Y aunque el fin que perseguía
Cervantes al escribir El Quijote era «poner en aborrecimiento de los
hombres las fingidas y disparatadas historias de los libros de caballerías» -lo cual, dígase
de paso, era una hazaña digna de un genio, pues era desterrar una institución
literaria–, el texto es mucho más que una parodia de aquellos libros que, en
franca decadencia, no había «buen estómago que los pudiera leer», como decía el
humanista Juan de Valdés. Es, al fin y al cabo, mucho más trascendental. Porque
si Cervantes eliminó una cosa, puso otra en su lugar; llenó el vacío de la
buena y simple ficción con una ficción mucho más compleja y genial.

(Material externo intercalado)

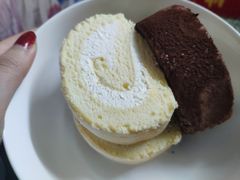 -珍糕兴(三林店)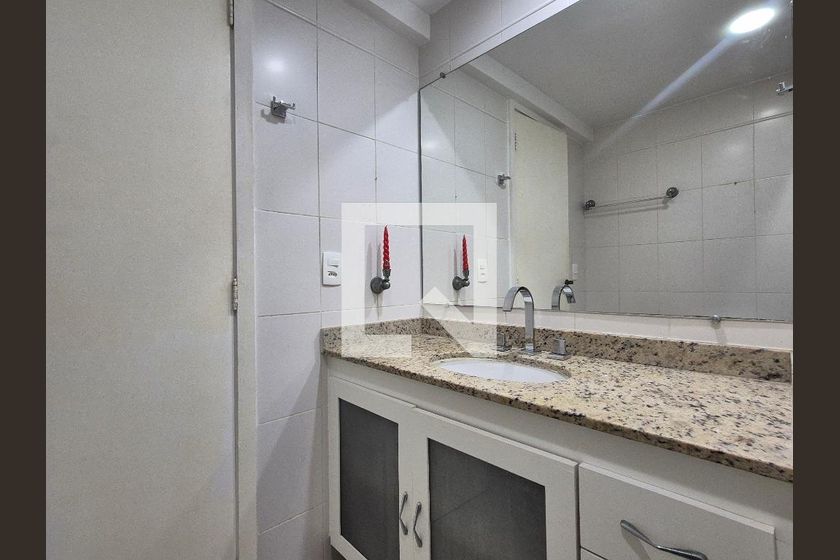 Apartamento, 2 quartos, 94 m² - Foto 51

A esta trascendencia, y al sentido
de espejo-modelo de la obra, posiblemente contribuya también el realismo de
Cervantes. Podrá decirse que la perspectiva realista del autor quiere
contraponerse a la ficción inverosímil de las novelas de caballerías. Pero hay
que recordar que el realismo es la vertiente preferida de Cervantes, la fórmula
feliz de sus ficciones, de sus mejores Novelas ejemplares (muchas de
ellas anteriores a El Quijote), de sus escritos de fondo autobiográfico.
Cervantes es, como se dijo, un auténtico «contador de historias», cuya pasión son
las aventuras de este mundo -o las que
podrían ocurrir en él- más que
las de mundos imaginarios. Resulta patente su fascinación por la realidad y los
seres que en ella habitan y se mueven. Naturalmente, el mérito literario de una
obra no depende de su carácter fantástico o realista, pero lo cierto es que
Cervantes ha sabido decir mediante el realismo que las aventuras más ordinarias
resultan muchas veces extraordinarias, que los episodios de la vida aparentemente
anodinos pueden ser fascinantes y que el corazón valiente de un hombre común
tiene un poder transformador en este mundo. «Le dice» también a los jóvenes
lectores que el realismo en la literatura no es sinónimo de aburridismo
y de monotonía, sino reflejo de una realidad estimulante, interesante y
misteriosa. Cervantes ha sabido, de modo particular, celebrar la vida, el amor
y la amistad, y hay muchos momentos en que la narración alcanza una atmósfera
singularmente emocionante. Un ejemplo, de entre tantos, podría ser aquel del encuentro en una venta (en el capítulo XXXVII de la primera parte) de un puñado de hombres y mujeres, entre los que están los protagonistas, cada
uno con una historia que contar. Sus vidas se entrecruzan, y el encantamiento
de esta escena tal vez se deba al clima de distensión y reposo, de alegría, de
unión y amistad entre los personajes, después de tantos sinsabores y aventuras. Don Quijote, en
medio de los presentes, demuestra y sorprende por una sabiduría única –es
Cervantes, de la generación de las armas y las letras, que ha luchado y ha
sufrido y, sin embargo, destila sus profundos ideales y esperanzas–. La fuerza interior
del Quijote, un fuego que deslumbra y congrega a todos, es posiblemente la piedra
angular de la obra. Y en todo esto también existe un valor pedagógico. El norte
luminoso de la novela es precisamente la fuerza pujante de los ideales frente a
los vaivenes de la vida y defectos de los hombres, frente a las circunstancias,
las derrotas; una joie de vivre esencial y profunda, una actitud de
fascinación ante la vida, un renacer ante el fracaso campean en toda la obra.
Como decía Carlos Urzaiz, el personaje de "Alonso Quijano murió, pero don Quijote continúa vivo", y siegue siendo, añadimos, un modelo para la humanidad.
Como decía Carlos Urzaiz, el personaje de "Alonso Quijano murió, pero don Quijote continúa vivo", y siegue siendo, añadimos, un modelo para la humanidad.